By: Ali Feldhausen
By now, a good portion of the student body has read the letter about the SIPASA president’s conduct during budget presentations. Many students have expressed dismay that an elected student would lack such a basic understanding of identity groups’ importance on our campus. They were amazed at how she failed to recognize that her actions replicated, on a small scale, how stringent budgetary measures have been for decades used as a “color-blind” methodology for discrimination. Many more students, unfortunately, were not.
Part of this lack of astonishment stems from the fact that her actions reflect the same misgivings of the institution we elected her to represent. We have framed these recent failings as the individual problems of one person, when she is the product of a system. A system that reverberates through the policies of the School of International and Public Affairs (SIPA) through the faces of the staff (though, the school will be quick to point out that minorities make up 22% of tenured staff), the curriculum (Put “race,” “ethnicity,” or “diversity” in the search box. Alternatively, try “tech” or “finance.”), and a tuition so exorbitant it continues to exclude most of those that have no family support. In other words, if SIPA is the benchmark for understanding the nuances of race and diversity, the school falls remarkably short.
This criticism of the institution and the lack of student awareness is not a new discussion. Last year, Sarah Hong published an infographic looking at the results of a Race and SIPA Survey (see below for full results), and The Morningside Post hosted a panel event with SIPA Students of Color (SSOC) about the experiences of black students at SIPA. While it may seem like a longstanding organization at this point, the SIPA Diversity Coalition was only started a few years back. Last year, it expanded to include additional organizations when a group of dedicated students decided there was a real need to bring together more identity politics groups together in this.
Having known some of the students from ‘17 (and ‘16), I am sure the year before and the one before that were also engaged in this discussion. However, our student institutional memory only goes back so far, so we are kept in this continuous loop of realizing SIPA is problematic, expelling all this energy to fix it, and then graduating. This most recent incident with SIPASA and the student body reaction is one more piece along the timeline of a school which fails to meaningful address it has a race problem.
However, the SIPA administration is not a monolith. There are members of this body who have been working overtime to make these problems known and have tried to make institutional changes. Notably, Dean Shapses has worked hard to promote thoughtful discussions through the SIPA Diversity Committee (different from the Diversity Coalition) and developed identity workshops to be incorporated into orientation. Professor Christina Greer teaches the only course at SIPA dedicated to race, and professors, like Alan Yang among others, make a concerted effort to incorporate race, gender, sexuality, and income inequality into their lessons.
But this is the problem, this shouldn’t be addressed by just a few individuals working extra hard, and it should not be seen as just the fault of a specific person. It should also not be seen as something that minority students at SIPA or those that are experiencing discrimination should be called on to fix. This is an issue that the entire student body should be part of rectifying, because it is only through this kind of pressure that the SIPA administration as a whole will feel compelled to change. This is the only way to break the loop.

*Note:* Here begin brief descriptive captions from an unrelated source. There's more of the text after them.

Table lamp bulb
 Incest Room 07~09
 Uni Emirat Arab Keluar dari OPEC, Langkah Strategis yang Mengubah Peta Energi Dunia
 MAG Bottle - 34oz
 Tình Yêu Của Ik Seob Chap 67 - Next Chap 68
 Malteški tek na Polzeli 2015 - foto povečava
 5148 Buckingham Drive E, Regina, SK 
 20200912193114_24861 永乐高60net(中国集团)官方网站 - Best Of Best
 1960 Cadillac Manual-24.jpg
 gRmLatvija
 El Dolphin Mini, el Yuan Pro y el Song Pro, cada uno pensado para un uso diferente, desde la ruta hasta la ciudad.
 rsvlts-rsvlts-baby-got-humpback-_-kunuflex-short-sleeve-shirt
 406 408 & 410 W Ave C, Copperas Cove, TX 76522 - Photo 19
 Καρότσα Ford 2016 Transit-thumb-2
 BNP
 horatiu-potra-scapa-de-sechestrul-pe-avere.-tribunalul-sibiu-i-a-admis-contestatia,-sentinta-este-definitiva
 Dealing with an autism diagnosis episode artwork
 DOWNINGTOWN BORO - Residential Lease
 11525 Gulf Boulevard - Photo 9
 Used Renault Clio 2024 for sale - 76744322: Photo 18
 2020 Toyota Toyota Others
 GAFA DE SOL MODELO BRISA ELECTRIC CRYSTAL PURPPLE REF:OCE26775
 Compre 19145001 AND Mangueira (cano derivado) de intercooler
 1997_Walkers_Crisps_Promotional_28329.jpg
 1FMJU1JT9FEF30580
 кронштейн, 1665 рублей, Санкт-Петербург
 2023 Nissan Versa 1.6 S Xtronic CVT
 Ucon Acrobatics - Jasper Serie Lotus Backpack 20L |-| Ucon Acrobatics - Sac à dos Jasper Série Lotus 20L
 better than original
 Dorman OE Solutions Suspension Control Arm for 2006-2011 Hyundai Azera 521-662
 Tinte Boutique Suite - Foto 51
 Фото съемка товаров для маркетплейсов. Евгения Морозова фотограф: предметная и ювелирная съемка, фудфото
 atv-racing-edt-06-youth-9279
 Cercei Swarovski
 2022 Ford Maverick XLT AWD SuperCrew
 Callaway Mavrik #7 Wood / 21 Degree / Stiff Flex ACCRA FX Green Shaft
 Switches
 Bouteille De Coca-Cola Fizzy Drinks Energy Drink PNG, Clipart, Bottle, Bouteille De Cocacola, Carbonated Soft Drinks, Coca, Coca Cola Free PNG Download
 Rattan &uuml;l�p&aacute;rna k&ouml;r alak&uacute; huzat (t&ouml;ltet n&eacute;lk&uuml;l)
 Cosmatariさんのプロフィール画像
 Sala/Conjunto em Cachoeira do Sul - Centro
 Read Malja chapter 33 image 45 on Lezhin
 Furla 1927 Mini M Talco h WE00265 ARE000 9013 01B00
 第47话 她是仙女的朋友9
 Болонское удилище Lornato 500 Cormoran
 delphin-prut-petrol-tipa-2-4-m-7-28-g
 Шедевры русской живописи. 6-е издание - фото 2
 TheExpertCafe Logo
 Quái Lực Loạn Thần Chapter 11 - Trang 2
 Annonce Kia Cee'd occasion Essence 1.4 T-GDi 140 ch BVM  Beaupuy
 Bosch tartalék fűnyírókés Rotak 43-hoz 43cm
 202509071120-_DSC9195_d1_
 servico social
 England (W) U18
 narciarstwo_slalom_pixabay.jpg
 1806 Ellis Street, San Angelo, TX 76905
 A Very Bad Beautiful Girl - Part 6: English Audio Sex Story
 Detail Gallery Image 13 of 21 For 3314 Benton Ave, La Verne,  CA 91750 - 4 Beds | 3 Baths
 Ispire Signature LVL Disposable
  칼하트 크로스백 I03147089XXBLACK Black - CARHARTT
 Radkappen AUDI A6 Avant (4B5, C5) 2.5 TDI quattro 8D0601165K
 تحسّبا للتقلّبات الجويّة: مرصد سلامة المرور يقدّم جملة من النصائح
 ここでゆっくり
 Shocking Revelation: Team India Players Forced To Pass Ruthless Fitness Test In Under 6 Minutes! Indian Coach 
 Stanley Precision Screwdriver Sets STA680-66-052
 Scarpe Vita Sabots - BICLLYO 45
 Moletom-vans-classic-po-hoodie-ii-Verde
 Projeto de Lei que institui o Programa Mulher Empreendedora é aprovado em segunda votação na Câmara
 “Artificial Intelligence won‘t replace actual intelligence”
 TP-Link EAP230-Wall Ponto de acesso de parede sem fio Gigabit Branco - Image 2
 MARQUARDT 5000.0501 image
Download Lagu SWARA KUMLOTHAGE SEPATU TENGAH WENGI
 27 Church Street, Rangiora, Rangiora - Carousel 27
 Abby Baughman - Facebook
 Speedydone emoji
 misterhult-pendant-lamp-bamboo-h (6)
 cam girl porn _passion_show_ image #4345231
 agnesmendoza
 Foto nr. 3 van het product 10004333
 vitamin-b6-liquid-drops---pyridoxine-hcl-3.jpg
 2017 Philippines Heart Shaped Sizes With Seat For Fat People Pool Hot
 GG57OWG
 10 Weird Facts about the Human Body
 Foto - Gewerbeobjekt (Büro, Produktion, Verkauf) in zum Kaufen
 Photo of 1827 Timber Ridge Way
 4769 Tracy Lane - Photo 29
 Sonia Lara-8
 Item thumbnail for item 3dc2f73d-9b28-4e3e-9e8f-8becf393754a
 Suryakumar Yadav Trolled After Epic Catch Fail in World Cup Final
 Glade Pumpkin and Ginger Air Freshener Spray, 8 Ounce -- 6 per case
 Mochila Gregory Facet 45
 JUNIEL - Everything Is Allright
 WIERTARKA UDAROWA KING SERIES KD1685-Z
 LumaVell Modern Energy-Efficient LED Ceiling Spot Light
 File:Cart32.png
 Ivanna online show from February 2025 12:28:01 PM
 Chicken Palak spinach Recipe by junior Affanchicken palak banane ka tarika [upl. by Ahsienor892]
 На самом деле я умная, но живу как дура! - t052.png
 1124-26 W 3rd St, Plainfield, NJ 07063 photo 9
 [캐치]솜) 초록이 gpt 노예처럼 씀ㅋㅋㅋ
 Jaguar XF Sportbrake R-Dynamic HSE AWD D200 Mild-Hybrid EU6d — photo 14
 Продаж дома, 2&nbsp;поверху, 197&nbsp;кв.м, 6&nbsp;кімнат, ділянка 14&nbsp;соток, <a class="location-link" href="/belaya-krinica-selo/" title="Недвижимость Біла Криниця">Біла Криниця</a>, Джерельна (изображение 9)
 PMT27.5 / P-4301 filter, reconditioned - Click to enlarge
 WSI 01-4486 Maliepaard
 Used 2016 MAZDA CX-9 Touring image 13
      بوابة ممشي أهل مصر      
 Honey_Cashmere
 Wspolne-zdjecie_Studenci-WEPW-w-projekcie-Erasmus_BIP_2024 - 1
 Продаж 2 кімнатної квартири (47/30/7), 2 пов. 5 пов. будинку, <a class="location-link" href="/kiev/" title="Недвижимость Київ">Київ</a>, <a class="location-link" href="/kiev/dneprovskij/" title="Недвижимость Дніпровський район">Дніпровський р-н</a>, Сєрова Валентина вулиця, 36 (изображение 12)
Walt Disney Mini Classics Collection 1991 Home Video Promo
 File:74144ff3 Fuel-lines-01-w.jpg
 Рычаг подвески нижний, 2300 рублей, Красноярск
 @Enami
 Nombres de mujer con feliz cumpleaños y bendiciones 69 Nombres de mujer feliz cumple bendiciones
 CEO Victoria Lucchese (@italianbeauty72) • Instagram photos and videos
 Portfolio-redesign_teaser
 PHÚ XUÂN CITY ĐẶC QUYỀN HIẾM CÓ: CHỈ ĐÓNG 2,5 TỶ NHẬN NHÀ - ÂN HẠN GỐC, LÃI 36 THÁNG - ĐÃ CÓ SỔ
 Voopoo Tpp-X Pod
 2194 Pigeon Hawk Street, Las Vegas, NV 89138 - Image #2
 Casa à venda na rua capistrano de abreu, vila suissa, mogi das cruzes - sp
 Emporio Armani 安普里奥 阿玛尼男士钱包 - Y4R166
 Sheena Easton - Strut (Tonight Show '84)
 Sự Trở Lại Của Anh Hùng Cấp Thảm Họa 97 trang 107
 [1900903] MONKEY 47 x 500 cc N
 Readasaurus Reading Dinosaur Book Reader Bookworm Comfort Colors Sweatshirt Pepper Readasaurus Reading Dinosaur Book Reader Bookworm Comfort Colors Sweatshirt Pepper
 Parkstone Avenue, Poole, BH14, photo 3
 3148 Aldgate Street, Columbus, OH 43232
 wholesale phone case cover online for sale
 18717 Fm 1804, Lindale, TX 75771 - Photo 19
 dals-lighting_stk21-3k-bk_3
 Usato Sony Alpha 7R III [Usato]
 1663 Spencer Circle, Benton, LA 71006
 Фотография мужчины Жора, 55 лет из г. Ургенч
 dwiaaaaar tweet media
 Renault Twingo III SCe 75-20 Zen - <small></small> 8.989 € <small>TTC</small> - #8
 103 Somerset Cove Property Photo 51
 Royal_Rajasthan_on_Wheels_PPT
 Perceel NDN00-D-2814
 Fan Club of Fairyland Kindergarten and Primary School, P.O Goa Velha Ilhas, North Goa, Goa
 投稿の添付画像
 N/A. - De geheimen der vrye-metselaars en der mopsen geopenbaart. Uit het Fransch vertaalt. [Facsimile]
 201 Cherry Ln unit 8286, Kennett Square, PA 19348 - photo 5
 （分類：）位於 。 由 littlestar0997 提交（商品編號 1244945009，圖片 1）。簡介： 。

What would that look like? Well, first off, it could look like an email to the Office of Academic Affairs (firstname.lastname@example.org) explaining that you would like more classes on race and policy and that you want professors who understand the ways in which race and racism affect policy formation. You could point out the lack of diversity among professors; SIPA staff should reflect the same diversity that we would hope to have in the student body. You could also reach out to Dean Shapses (email@example.com) asking how you could best support her work. Lastly, you could call on more need based scholarships, so that SIPA can accept the best and brightest not the best and brightest *with money. If none of those suggestions are your thing, then do something different. Because in the end, inaction is also an expression of an opinion. It shows those in power that the status quo is acceptable, and that you are satisfied. By doing nothing, you are part of the problem.
To return to the letter, as a student body, we love to revel in other people’s flaws and point out how we are better. However, the reality is that unless we are actively taking steps to improve our community and change SIPA’s shameful lack of awareness around race and intersectionality than we can claim no moral high ground. This also includes what kind of behavior we accept from our student leadership. While I believe that providing space for growth is important, I also think that we must think critically about when we allow for certain actions to be forgivable and when we believe they are so egregious it shows the student body and the SIPASA government in a negative light. This is not an answer, but it is a serious a question.
Action or inaction about our current leadership, we are sending a message about our values. Let us not forget that we are part of something bigger, and furthermore, give us strength to recognize that although we are individuals, we are also part of a system and an institution that will not change until we demand it do so.